Line Jumper

Capital Investments…reduced…8%. Doug couldn’t go through the presentation again. He was feeling his way through the talking points now. Radio turned off, whit knuckling his way down the West Seattle Bridge and feeling his way through the most important presentation of his life.

I’m screwed. 8% isn’t enough. Not for Mr. Gromitz. 

The line of cars on the bridge trying to exit onto I5 north was always long and today was even longer. Just as Doug reached the the maw of the onramp he saw a car trying to line jump in his rear view mirror. Effing line jumper. Wait your turn a-hole. Just like everyone else. 

Doug pumped the brakes to stay close to the car in front of him.
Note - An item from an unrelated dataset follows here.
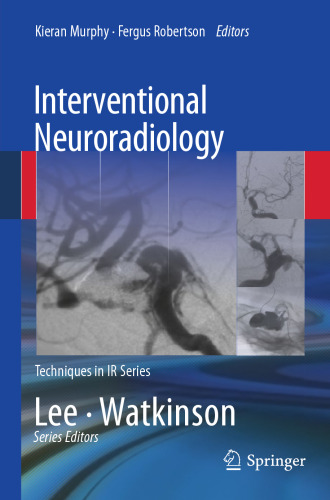 Interventional Neuroradiology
This dance continued for a few steps as the line jumper cruised, looking for a weak spot. Pump. Pump.  Trying to hold the chain taut. But this a-hole was persistent. He rolled up with his two seater, small dick, tinted window Benzo, and started honking at Doug! As if Doug were the a-hole for waiting in line like EVERYBODY ELSE! Doug screamed, in his head.

Doug pumped his gas trying to close the gap one last time before heading into the maw but a-hole Benzo guy rolled up and forced his way in, hitting the side of Doug’s Cindy Lauper era Honda, and pining his own car against the guard rail.

Oh this mother effer! MOTHER EFFER! Doug sprung from his car mid expletive. “You couldn’t wait in line like everybody else could you”, he admonished the man through dark glass.  Doug continued, “think because you have a Mercedes Benz you can do whatever the ‘f’ you want? Huh? You stupid jerk face! Roll down your window and face me jerk man. Stupid line jumping jerk man!”. Doug continued to hurl ineffectual curses. He did not have a “potty mouth” as he would say, and therefore found it difficult to express the deep anger he often felt.

Seeing his reflection in the window helped Doug to see the folly in rejecting the mother of all expletives.  His two middle fingers shot up into he air as ominously as the Fat Man and Little Boy fell down to earth, and riding torrents of miss-timed comebacks his very first F-bomb exploded on the a-hole in the red Benzo’s window.

“Fuuuuuuuuuuuuck”, reverberated off the window.  Doug’s protracted “Youuuuuuuuuuuuuuuuu!” seemed to go on for years until the brick wall of Mr. Gromitz’s eyes crushed the hanging ‘U’ like a dummy without a seatbelt.

That’s when Doug said “Fuck” for the second time in his life. Followed by “me”.

Jimmie G.

Writer’s Digest Weekly Writing Challenge.

The Confrontation 

Daydreaming on your way to work, you get into a car accident. Frustrated because you will be late for an important meeting, you curse and yell as you get out of the car. When you go to confront the other drive, you find out it is your boss. Write this scene.